Profiling every command in a Makefile
Here's the scenario. I've got a batch data processing pipeline implemented as a Makefile. (Hey! It's only a prototype! Trust me, I'm a make hater just like you!) There's already a lot of data, so an end-to-end full run can take about a day, with some of the individual stages taking hours.
Now I'm thinking, wouldn't it be nice to know how long each rule took? Even better, wouldn't it be nice to get a report of how much cpu it consumed, how much memory it used, how much I/O it performed, etc.? Armed with this information, I could start optimizing poorly performing stages.
So, let's suppose we cook up some wrapper program that runs a subordinate program, collects rusage when it exits, and prints out the interesting info. Fortunately, such a wrapper program basically already exists.
I'd rather not go rewrite every rule in the Makefile, prefixing it with this wrapper program. That wouldn't even work if the rule was a pipeline: since make(1)

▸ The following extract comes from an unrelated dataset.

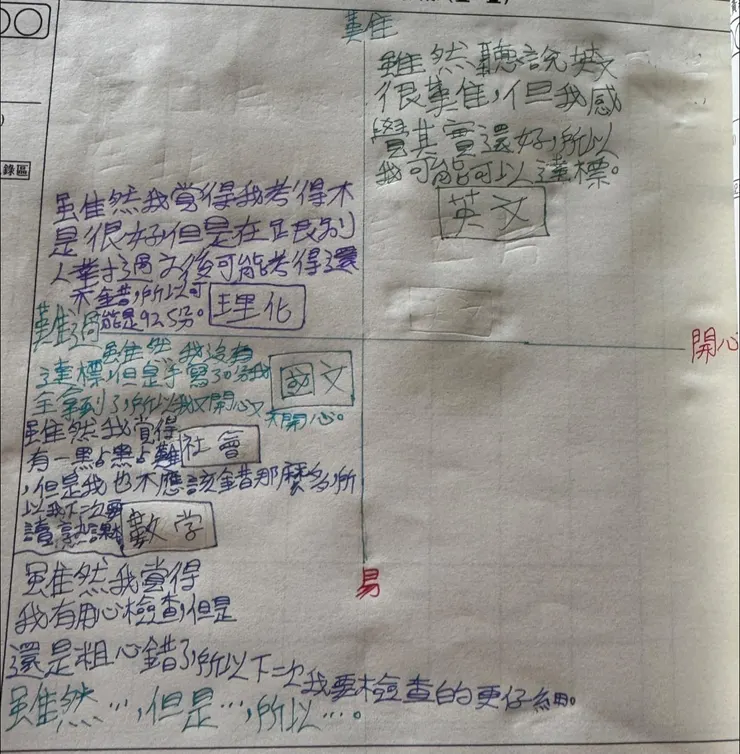 可以看到這個孩子對自己的期許很高（偏左派自責型的）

executes rules by wrapping them with $(SHELL) -c
, only the first command in the pipeline would actually run under the wrapper.
The solution is to set the shell in your Makefile to:
SHELL = rusage sh
Where rusage
is a wrapper shell script that looks like this:
#!/bin/sh
exec time -f 'rc=%x elapsed=%e user=%U system=%S maxrss=%M avgrss=%t ins=%I outs=%O minflt=%R majflt=%F swaps=%W avgmem=%K avgdata=%D argv="%C"' "$@"
Note that this uses /usr/bin/time
, not to be confused with the bash builtin time
, which is what you're using probably 90% of the time at the command line.
Note also, this unfortunately only works with GNU time(1)
. The BSD (and probably Darwin, haven't actually checked) versions of time(1)
don't support the -f
argument to specify a format string. But on BSD derivatives, you should be able to at least get a human readable dump of the rusage structure by using /usr/bin/time -l
. Which looks equivalent to the /usr/bin/time -v
output from GNU time. (It's just not as convenient if you plan to analyze the logs later.)